Operation Rolling Thunder: Government Theft Runs Rampant
By AAF | Aug 14, 2024
After a 21-month fight with the state of South Carolina, the Institute for Justice had the courts turn over the documents related to “Operation Rolling Thunder,” a multi-agency operation focused on property seizures around Spartanburg County. Throughout the operation, 900 vehicles were stopped, and 144 were searched, almost a third of which were public buses.
While there were some arrests made, and some drugs seized, seventy-two percent of vehicles targeted had done nothing wrong, yet any time police found money, they treated it as illegal contraband. Not only seizing the cash but pressuring owners to sign paperwork to relinquish their ownership.
Throughout this whole ordeal, police never documented interactions with law-abiding citizens they pulled over, nor did they give any justification for pulling them over. Of the 144 searches, 102 have no documentation at all, hiding the actions of the police from public scrutiny.

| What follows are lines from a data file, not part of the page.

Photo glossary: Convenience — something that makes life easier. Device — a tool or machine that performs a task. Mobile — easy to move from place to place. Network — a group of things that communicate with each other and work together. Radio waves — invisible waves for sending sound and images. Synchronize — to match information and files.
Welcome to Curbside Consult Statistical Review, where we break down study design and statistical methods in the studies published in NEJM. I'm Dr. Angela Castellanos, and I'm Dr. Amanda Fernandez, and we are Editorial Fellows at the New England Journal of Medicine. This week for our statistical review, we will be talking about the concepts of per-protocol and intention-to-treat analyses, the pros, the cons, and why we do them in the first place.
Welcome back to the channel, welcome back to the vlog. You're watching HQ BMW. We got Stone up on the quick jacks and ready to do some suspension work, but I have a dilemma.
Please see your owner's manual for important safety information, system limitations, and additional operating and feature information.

Despite attempts from the Institute for Justice and other watchdog groups, the vast majority of interactions are undocumented, unrecorded, and lack the transparency required by most police agencies.

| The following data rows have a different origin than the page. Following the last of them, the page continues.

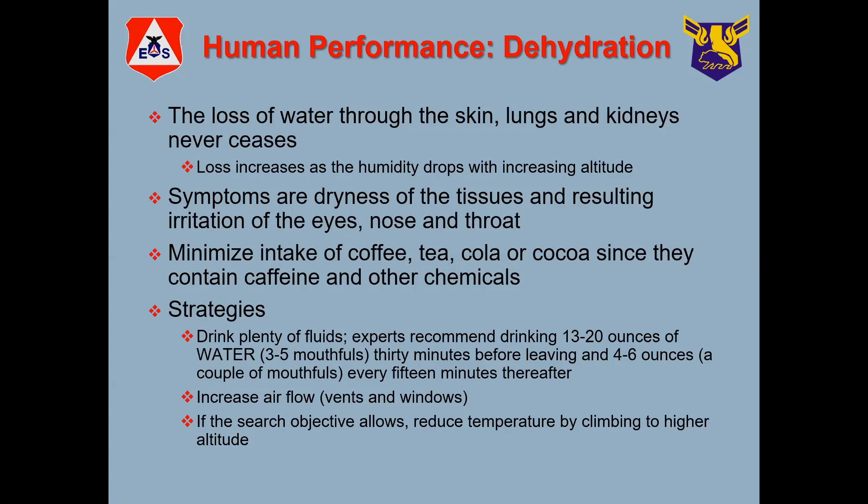Some of the symptoms are dryness of throat, your tissues are irritated, your eyes are irritated, your nose and throat — and it's really uncomfortable. To keep from getting dehydrated, it's a good idea to load your body with fluids before you go on a mission. The recommendation is that you drink basically about 20 ounces — approximately one and three quarters cans of soda or juice or whatever.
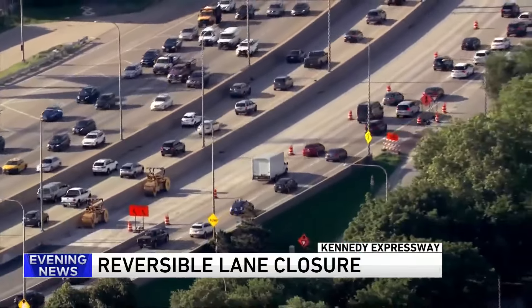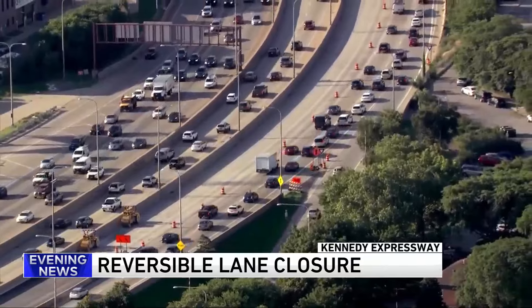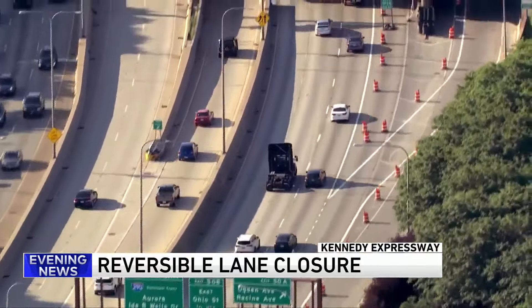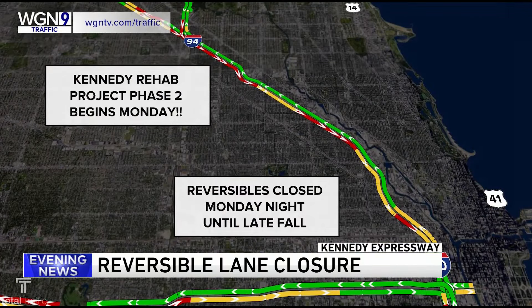The season of orange construction signs is almost upon us, getting an early start thanks to the fine weather. The next phase of the $150 million Kennedy project will shut down the reversible express lanes to rehab the access control system and bridge structures and patch the pavement.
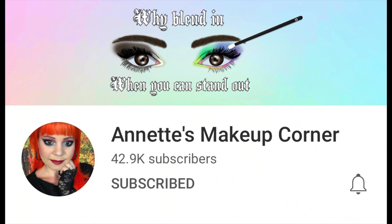Hey beauties, welcome back to my channel. Today I am going to be testing out three different palettes from Odin's Eye that are in collaboration with three different creators here on YouTube. First up we have Annette from Annette's Makeup Corner.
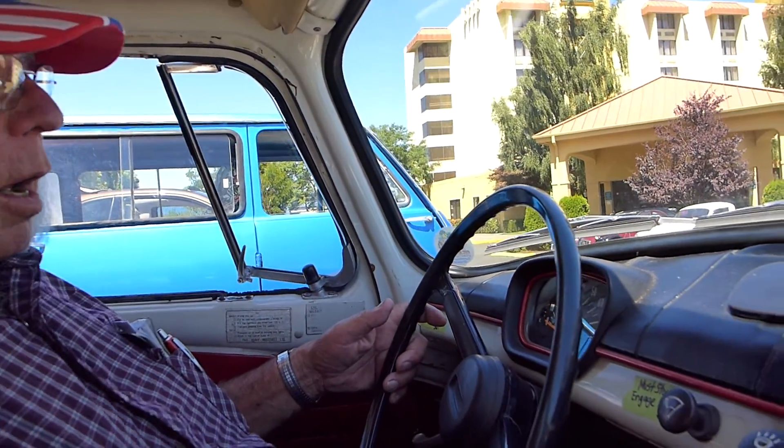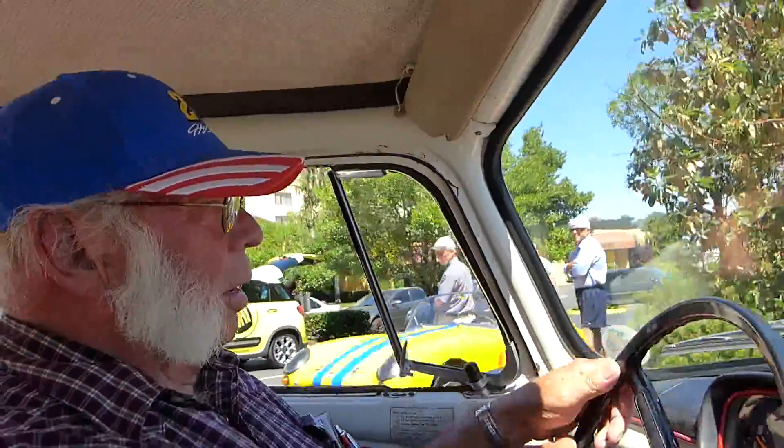This one hardly needs any choke at all. I'm gonna turn the brake off. There we go. That was a sedan I bought for a parts car for, I think, 125 dollars.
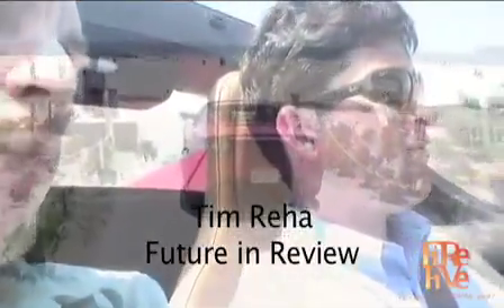Hi, Tim here with Aaron from Tesla Motors. Going for a little spin on the beach as you can see in the Tesla electric car. We're here at the Feature and Review event.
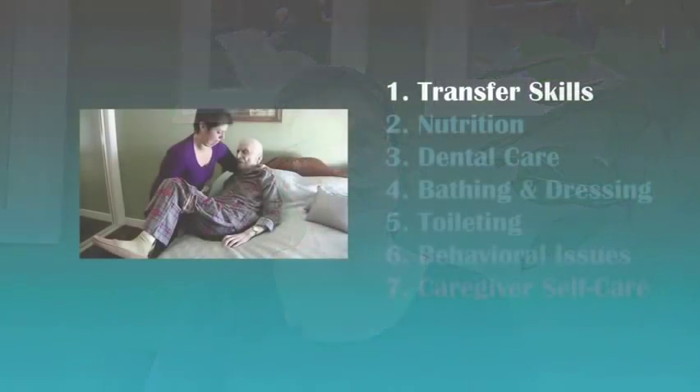Hello, I'm Catlin Morgan. The video you're about to watch contains some of the most important aspects of caregiving for a loved one or a family member who relies on your help. In the transfer skills segment, you'll learn how to safely position and move a family member who is mobility challenged.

Instead, all we have is the indication that 900 drivers were harassed only to get 32 arrests. Over one hundred vehicles were stopped and searched, and the owners were detained for hours, in some cases, to face no charges. The police budget was inflated by nearly a million dollars as a result of this intimidation campaign.
These practices aren’t limited to South Carolina. In fact, police all over the country engage in various forms of civil forfeiture. American Action Fund is committed to reigning in this practice that doesn’t require conviction and is apt for corrupt and unconstitutional takings.
On that note, we are happy to support half a dozen Hazlitt Coalition members in New Hampshire who just this past year signed onto Senate Bill 356, which would require the automatic return of seized property after charges are dismissed or a suspect is found not guilty. Such a bill is an excellent first step to reforming the egregious acts, like in Operation Rolling Thunder.